Sampul album (yang dalam bahasa Inggris disebut “album art/artwork”) masuk dalam wilayah seni terapan, atau lebih tepatnya desain grafis. Di wilayah ini, karya seni mengemban tugas yang lain, sebagai sarana visual untuk mengkomunikasikan ide. Lazimnya, ide yang ingin disampaikan ada sebelum karya visual itu dibuat. Tapi bukan tidak mungkin juga karya visual itu sendiri sudah ada dan kemudian diakuisisi oleh musisi karena dirasa memiliki makna yang sesuai dengan pesan yang ingin disampaikan si musisi.
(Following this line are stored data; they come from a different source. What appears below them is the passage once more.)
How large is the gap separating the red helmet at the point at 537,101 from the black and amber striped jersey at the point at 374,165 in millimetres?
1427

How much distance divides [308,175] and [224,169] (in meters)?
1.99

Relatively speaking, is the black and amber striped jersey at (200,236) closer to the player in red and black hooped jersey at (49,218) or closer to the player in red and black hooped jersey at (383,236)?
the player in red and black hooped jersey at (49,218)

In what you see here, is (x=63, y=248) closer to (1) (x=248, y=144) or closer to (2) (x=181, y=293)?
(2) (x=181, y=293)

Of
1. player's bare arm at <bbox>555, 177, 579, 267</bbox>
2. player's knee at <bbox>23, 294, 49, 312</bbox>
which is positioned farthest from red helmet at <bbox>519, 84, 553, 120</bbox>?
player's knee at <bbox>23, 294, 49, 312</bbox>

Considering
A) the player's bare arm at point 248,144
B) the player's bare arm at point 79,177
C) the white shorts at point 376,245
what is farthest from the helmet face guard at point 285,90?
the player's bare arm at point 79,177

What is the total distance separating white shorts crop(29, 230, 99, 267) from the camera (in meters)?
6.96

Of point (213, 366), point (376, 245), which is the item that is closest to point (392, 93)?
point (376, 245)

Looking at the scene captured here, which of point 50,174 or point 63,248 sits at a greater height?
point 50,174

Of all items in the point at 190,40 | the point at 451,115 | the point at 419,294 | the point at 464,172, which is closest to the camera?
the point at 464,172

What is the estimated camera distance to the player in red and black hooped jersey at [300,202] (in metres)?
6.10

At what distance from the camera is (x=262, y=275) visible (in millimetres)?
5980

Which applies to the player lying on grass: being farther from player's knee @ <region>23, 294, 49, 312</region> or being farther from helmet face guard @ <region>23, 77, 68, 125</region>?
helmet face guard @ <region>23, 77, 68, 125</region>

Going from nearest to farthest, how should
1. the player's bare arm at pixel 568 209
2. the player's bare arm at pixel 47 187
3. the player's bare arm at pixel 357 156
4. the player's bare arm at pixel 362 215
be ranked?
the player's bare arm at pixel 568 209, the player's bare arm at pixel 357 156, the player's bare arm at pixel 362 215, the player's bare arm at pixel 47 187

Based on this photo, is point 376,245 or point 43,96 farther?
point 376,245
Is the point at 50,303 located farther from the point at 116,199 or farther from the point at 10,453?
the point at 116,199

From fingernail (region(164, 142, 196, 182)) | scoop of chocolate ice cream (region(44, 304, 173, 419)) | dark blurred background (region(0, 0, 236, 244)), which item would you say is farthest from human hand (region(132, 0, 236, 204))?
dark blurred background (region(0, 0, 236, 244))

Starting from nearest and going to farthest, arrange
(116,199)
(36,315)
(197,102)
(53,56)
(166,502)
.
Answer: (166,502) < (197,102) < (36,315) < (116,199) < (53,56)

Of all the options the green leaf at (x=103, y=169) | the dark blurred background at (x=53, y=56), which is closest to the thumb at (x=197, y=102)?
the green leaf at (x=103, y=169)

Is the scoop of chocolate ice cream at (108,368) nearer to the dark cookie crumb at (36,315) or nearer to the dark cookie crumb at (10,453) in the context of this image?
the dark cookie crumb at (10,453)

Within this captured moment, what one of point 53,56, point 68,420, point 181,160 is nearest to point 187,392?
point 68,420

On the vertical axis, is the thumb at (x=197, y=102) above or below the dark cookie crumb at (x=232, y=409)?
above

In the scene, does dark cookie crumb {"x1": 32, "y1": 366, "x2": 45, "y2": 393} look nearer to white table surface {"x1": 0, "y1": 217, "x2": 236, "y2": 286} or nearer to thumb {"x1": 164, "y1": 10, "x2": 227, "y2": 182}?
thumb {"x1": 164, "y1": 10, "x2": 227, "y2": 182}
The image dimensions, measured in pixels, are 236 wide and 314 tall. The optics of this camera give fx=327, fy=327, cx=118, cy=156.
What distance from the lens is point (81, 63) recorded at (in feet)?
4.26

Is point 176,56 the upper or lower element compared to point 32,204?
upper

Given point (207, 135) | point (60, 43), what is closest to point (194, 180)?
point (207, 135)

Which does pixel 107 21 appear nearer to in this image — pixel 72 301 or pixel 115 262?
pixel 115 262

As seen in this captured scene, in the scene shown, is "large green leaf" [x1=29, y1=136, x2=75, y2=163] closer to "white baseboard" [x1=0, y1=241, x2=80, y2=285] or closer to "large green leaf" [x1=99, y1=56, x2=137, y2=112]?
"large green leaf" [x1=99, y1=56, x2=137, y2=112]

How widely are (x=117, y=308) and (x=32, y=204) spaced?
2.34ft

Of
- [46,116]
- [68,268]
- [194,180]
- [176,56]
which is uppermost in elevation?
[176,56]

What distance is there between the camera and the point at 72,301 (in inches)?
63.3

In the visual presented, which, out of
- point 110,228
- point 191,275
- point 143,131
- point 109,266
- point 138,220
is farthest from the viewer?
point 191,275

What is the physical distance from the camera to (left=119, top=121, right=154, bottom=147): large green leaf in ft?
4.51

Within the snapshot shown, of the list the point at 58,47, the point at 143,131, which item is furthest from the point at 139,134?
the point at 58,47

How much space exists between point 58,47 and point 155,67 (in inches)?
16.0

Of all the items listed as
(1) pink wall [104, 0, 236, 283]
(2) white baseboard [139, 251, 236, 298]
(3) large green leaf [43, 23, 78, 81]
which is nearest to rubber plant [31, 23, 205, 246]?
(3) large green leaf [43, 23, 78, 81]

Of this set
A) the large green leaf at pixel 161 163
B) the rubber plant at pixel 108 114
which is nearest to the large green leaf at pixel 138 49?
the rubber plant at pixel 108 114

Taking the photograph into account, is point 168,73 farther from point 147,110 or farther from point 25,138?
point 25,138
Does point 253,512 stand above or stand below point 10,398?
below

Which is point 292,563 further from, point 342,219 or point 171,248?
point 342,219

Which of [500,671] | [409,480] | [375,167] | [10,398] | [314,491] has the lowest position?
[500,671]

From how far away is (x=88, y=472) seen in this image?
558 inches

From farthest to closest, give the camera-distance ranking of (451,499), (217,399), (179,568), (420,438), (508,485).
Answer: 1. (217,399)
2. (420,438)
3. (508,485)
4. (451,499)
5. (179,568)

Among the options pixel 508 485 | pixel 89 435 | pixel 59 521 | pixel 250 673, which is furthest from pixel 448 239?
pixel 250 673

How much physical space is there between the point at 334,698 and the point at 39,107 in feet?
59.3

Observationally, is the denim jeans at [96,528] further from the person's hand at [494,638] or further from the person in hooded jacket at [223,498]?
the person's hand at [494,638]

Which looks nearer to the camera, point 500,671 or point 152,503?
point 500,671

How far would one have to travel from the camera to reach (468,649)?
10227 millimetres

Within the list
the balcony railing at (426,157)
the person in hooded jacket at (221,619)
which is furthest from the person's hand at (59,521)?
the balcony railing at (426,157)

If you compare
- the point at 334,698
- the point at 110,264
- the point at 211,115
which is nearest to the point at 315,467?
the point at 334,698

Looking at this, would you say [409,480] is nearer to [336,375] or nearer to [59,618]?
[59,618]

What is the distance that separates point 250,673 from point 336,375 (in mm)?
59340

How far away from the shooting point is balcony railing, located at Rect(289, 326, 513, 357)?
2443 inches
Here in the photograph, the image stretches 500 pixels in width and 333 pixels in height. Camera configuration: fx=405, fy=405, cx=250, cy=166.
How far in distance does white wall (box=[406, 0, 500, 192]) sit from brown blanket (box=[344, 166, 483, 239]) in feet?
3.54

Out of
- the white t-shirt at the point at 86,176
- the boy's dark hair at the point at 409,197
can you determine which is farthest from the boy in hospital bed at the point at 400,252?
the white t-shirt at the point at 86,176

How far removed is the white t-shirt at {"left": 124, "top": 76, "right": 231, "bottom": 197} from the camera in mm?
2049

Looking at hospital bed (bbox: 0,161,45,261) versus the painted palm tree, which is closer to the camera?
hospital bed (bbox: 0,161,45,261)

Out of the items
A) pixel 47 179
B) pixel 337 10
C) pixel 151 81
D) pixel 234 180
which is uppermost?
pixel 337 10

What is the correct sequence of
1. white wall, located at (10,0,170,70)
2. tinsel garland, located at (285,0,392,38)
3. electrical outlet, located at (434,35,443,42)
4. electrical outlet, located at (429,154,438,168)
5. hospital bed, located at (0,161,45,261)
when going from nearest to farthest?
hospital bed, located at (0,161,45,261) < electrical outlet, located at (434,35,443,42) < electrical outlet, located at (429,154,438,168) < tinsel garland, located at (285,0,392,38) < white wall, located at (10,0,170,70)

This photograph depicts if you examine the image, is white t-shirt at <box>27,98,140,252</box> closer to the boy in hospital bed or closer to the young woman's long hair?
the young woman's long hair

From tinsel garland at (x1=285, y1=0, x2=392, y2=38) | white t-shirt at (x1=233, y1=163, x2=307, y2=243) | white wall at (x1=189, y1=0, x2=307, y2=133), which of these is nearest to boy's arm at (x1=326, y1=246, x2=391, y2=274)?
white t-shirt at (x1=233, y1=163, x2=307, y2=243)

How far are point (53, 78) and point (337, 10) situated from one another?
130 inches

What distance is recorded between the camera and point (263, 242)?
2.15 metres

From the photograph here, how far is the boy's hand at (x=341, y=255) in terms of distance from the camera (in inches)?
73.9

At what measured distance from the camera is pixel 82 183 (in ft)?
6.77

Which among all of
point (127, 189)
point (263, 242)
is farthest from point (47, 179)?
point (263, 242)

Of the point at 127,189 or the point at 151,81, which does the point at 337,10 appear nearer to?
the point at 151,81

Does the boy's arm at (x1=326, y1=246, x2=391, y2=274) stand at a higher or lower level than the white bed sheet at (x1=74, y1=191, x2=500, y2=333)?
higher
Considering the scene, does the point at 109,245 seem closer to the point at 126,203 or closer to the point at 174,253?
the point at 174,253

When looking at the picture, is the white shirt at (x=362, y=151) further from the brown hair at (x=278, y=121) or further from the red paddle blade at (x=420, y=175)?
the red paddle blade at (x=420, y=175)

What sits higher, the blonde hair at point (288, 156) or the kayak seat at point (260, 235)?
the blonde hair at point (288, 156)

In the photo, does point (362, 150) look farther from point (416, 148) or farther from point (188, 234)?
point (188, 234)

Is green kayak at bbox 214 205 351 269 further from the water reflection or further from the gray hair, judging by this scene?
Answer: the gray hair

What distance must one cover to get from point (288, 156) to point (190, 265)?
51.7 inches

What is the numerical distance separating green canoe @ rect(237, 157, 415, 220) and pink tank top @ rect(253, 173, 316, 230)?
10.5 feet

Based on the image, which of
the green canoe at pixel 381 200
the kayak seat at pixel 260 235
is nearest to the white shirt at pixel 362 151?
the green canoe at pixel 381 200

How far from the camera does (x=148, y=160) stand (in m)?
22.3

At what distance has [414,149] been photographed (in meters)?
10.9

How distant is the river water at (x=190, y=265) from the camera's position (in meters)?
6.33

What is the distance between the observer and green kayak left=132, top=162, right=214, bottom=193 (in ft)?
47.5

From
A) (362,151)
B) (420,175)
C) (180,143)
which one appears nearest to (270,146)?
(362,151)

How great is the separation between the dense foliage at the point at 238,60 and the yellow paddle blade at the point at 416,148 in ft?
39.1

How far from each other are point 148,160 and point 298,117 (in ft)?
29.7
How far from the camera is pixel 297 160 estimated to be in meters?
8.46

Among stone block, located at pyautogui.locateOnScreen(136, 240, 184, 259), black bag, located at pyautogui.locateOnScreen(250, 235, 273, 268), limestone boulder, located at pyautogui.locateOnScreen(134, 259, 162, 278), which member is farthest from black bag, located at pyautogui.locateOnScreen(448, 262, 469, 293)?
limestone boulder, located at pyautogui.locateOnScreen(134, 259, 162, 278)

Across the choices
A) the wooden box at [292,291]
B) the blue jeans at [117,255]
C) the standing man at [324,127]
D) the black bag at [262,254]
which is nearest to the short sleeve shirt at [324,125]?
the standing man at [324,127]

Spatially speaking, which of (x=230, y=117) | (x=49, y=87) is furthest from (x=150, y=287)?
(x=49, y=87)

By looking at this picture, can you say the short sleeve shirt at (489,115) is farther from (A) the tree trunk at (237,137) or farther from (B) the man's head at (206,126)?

Mana pun yang ada lebih dulu, yang pasti ketika sudah menjadi sampul album, yang kita dapatkan adalah karya seni yang menyampaikan sebuah pesan (dan hampir 100% disertai teks tertulis). Di sini, elemen komunikasi karya tersebut jadi lebih besar ketimbang elemen reflektif, puitik, atau performatif (bermakna karena keberadaannya sendiri) yang biasanya ada pada karya seni murni. Ekstrimnya, banyak yang akhirnya menyamakan kedua hal ini sebagai pragmatisme vs idealisme.

Uniknya, ketika karya seni murni dari si perupa ini juga dihadirkan bersama karya-karya terapannya, ada beberapa hal yang terjadi. Di satu sisi kita jadi bisa membandingkan sejauh mana si perupa melenturkan idealismenya untuk kemudian menjangkau kepada audiens. Berapa banyak dari idealisme perupa yang harus ditanggalkan saat dia dia menciptakan sesuatu yang lebih berorientasi kepada komunikasi daripada meditasi. Atau, bila kita sudah benar-benar bisa melepaskan diri dari pemeringkatan seni murni vs seni terapan, kita mungkin juga bertanya: usaha apa saja yang telah ditempuh oleh si perupa untuk bisa membantu mengkomunikasikan gagasan para musisi? Tentu bidang ini juga membutuhkan ketrampilan mental–atau “seni”–tersendiri.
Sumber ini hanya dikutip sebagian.